Adapter Description Setup
claude_cli (default) Local Claude CLI Install Claude CLI; no API key needed
openrouter 100+ models via OpenRouter API export OPENROUTER_API_KEY=...
ollama Local models (qwen2.5, mistral, etc.) ollama serve running locally

Note: Text2SPLNode always uses claude_cli for NL→SPL translation regardless of adapter selection. The adapter setting controls only the execution step.


Model Router

The routing table (src/utils/model_router.py) maps (task × provider/adapter) to concrete model names, sourced from HuggingFace Open LLM Leaderboard v2, LMSYS Chatbot Arena, and task-specific benchmarks (2026-02).
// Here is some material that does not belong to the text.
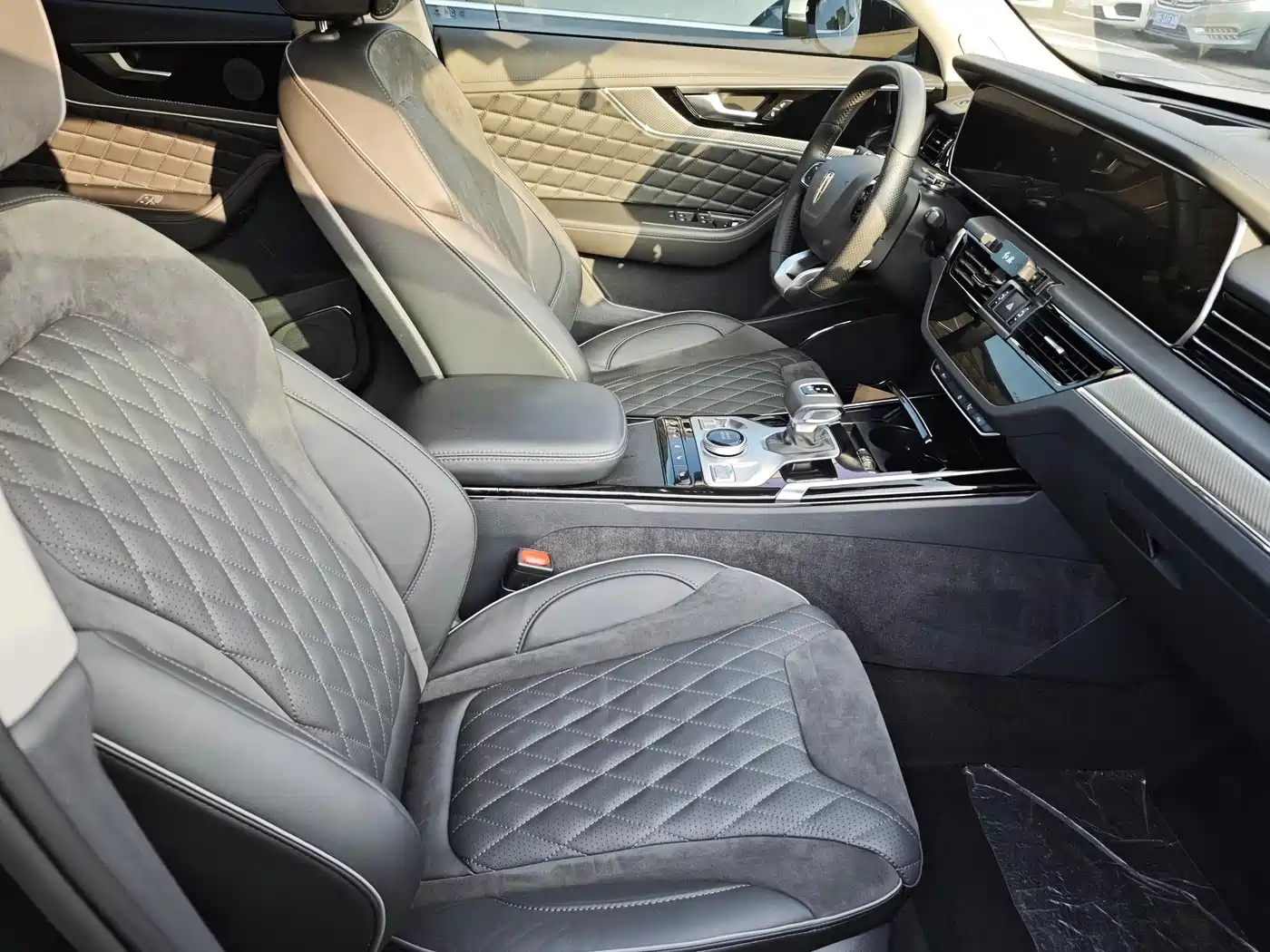 Hongqi HS5 2019 2.0T Smart Connect Enjoy 4WD Edition фото 13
Task classification (heuristic, zero-cost)

Keyword / signal Task
CJK characters in text, or words like "chinese", "japanese", "kanji" cjk
"code", "function", "python", "refactor", "debug", "sql" code
"german", "french", "translate", "übersetz" eu_lang
"math", "equation", "proof", "calculate", "integral" math
"analyze", "compare", "reason", "argue", "infer" reasoning
Final PROMPT in a multi-PROMPT query synthesis
Everything else general

Provider resolution

openrouter + provider set → pick provider's best model for task
openrouter + no provider  → pick best-of-breed for task
claude_cli / ollama       → adapter-level best (provider ignored)

RAG Context Store

Auto-capture

Every valid (NL query, SPL) pair is automatically saved to ChromaDB with metadata:

  • source: "human" (from real sessions), "edited" (user-corrected), "synthetic" (generated offline)
  • user_id: scope records per user (default: shared store)
  • active: soft-delete flag — inactive records are excluded from retrieval but not deleted
  • timestamp: ISO 8601 UTC

Dynamic few-shot retrieval

When translating a new query, the top-5 most similar historical pairs are retrieved by cosine similarity and injected into the Text2SPL prompt as dynamic few-shot examples — more accurate than static hardcoded examples.

Streamlit curation UI

The RAG Store page lets you:

  • View all captured pairs with source, adapter, and timestamp
  • Filter by source (human / edited / synthetic), status (active / inactive), and keyword
  • Deactivate records (soft-delete, reversible) to exclude noise from retrieval
  • Activate previously deactivated records
  • Delete records permanently
  • Bulk actions: deactivate all shown / delete all shown

Python API

from src.rag.factory import get_store
store = get_store("chroma")                  # default: ./data/rag

# Search top-5 similar pairs
records = store.search("Chinese characters water radical", k=5)

# Upsert a record
from src.rag.store import RAGRecord
store.upsert(RAGRecord(id="abc", nl_query="...", spl_query="...", source="human"))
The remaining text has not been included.